▸ **RECORDS FOR THIS EXERCISE**:
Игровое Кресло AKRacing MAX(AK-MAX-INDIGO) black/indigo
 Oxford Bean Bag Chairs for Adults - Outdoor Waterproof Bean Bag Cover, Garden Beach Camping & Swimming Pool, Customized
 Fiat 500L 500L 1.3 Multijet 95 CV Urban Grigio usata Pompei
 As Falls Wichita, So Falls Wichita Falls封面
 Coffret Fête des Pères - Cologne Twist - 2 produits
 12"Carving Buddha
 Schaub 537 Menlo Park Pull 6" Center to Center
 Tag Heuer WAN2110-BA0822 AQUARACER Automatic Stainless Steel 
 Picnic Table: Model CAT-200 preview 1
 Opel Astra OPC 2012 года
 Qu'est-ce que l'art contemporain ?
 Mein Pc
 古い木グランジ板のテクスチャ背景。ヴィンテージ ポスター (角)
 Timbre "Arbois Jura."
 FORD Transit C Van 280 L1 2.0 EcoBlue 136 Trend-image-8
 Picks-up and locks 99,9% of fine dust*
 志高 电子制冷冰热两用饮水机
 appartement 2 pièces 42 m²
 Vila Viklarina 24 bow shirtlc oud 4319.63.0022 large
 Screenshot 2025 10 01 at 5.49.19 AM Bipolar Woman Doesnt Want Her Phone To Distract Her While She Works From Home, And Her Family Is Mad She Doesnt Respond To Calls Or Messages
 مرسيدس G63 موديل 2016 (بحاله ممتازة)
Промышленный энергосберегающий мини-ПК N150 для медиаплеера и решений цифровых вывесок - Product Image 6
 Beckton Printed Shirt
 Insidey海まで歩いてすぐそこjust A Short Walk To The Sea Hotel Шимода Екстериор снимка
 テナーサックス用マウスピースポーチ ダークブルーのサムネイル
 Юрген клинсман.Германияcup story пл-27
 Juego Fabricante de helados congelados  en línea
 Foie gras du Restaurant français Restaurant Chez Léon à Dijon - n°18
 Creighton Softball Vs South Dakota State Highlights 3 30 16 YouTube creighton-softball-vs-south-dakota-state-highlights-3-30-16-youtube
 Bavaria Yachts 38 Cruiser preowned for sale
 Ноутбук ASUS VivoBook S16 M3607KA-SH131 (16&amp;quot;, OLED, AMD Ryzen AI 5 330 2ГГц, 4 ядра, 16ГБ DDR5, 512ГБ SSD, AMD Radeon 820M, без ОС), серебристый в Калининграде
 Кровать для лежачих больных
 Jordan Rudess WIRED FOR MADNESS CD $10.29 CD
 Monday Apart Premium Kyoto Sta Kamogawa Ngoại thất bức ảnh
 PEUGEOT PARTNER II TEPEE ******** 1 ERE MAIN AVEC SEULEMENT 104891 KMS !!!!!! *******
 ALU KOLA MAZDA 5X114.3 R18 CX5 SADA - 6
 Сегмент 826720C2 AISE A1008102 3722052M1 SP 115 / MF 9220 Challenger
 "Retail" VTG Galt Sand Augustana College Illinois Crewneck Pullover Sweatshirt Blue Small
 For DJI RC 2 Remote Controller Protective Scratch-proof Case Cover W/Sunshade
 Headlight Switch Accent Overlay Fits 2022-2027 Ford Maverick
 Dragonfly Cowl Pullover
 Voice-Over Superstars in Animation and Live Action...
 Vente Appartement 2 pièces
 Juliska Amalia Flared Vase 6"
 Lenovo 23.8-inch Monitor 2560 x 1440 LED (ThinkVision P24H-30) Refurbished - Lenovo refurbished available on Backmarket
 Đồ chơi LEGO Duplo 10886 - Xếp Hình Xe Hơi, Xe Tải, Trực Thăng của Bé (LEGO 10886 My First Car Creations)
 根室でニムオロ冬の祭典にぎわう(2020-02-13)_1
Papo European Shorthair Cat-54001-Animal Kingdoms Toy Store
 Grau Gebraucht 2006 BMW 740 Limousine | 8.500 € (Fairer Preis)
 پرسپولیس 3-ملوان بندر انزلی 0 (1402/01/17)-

▸ **EXERCISE DIRECTIONS**: Above are records; repeat only the lines starting at the line with "ALU KOLA MAZDA 5X114.3 R18 CX5 SADA - 6" and ending at the line with "Vente Appartement 2 pièces", exactly as they appear, both included.

▸ **YOUR RESPONSE**:
 ALU KOLA MAZDA 5X114.3 R18 CX5 SADA - 6
 Сегмент 826720C2 AISE A1008102 3722052M1 SP 115 / MF 9220 Challenger
 "Retail" VTG Galt Sand Augustana College Illinois Crewneck Pullover Sweatshirt Blue Small
 For DJI RC 2 Remote Controller Protective Scratch-proof Case Cover W/Sunshade
 Headlight Switch Accent Overlay Fits 2022-2027 Ford Maverick
 Dragonfly Cowl Pullover
 Voice-Over Superstars in Animation and Live Action...
 Vente Appartement 2 pièces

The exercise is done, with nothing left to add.